I noticed that some of your survey comments showed a bit of confusion and concern about guest speaker Joel Dehlin’s approach to IT and whether it’s something the University plans to move toward.
Joel has been a friend for over 10 years, and I have tremendous respect for his views. He has a great mind for technology, and his experience proves it. His presentation was dynamic and thought provoking, and I had hoped it would stir up discussion inside UIT.
If something Joel said resonated with you as an idea that would make UIT stronger, talk about it with your co-workers and managers. Likewise, if something he said stretched your thinking and sparked your own new ideas, talk about them.

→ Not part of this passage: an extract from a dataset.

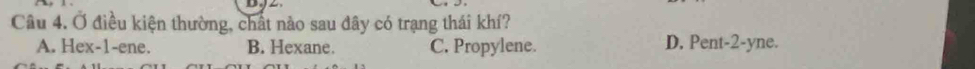 Ở điều kiện thường, chất nào sau đây có trạng thái khí?
A. Hex- 1 -ene. B. Hexane. C. Propylene. D. Pent- 2 -yne.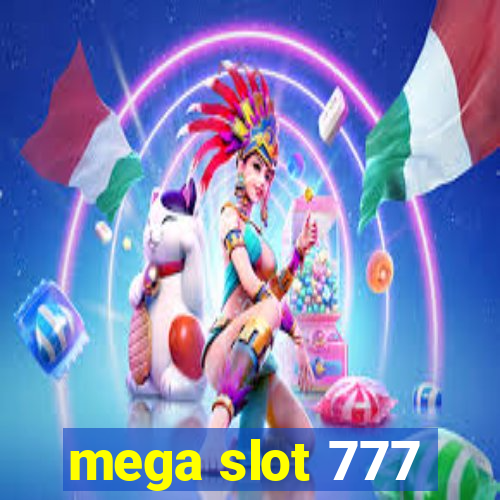 mega slot 777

We owe it to ourselves and those we serve to seek the best ideas and incorporate them into our work when it makes sense. We can’t develop the best ideas by only listening to those whose opinions match ours.
Amazon CEO Jeff Bezos says if you want to be “right” most of the time, you have to be willing to change your mind a lot.
This approach to the quarterly All-Hands Meeting is a shift for us. We have made it a priority to provide organizational updates and other routine information bits, available at your convenience, through Node 4 articles and podcasts [BROKEN LINK], the IT Governance website and the UIT website. I strongly encourage everyone in UIT, no matter what your role, to set aside time often to read and listen to the information we’re making available to you. Doing that allows us to focus the All-Hands Meetings more on professional development and organizational improvement, one of our key themes in UIT.
I expect we will hear more outside perspectives that challenge our way of thinking and prompt us to always examine whether University Information Technology is doing its very best to serve the University of Utah. I hope you will join me in that process.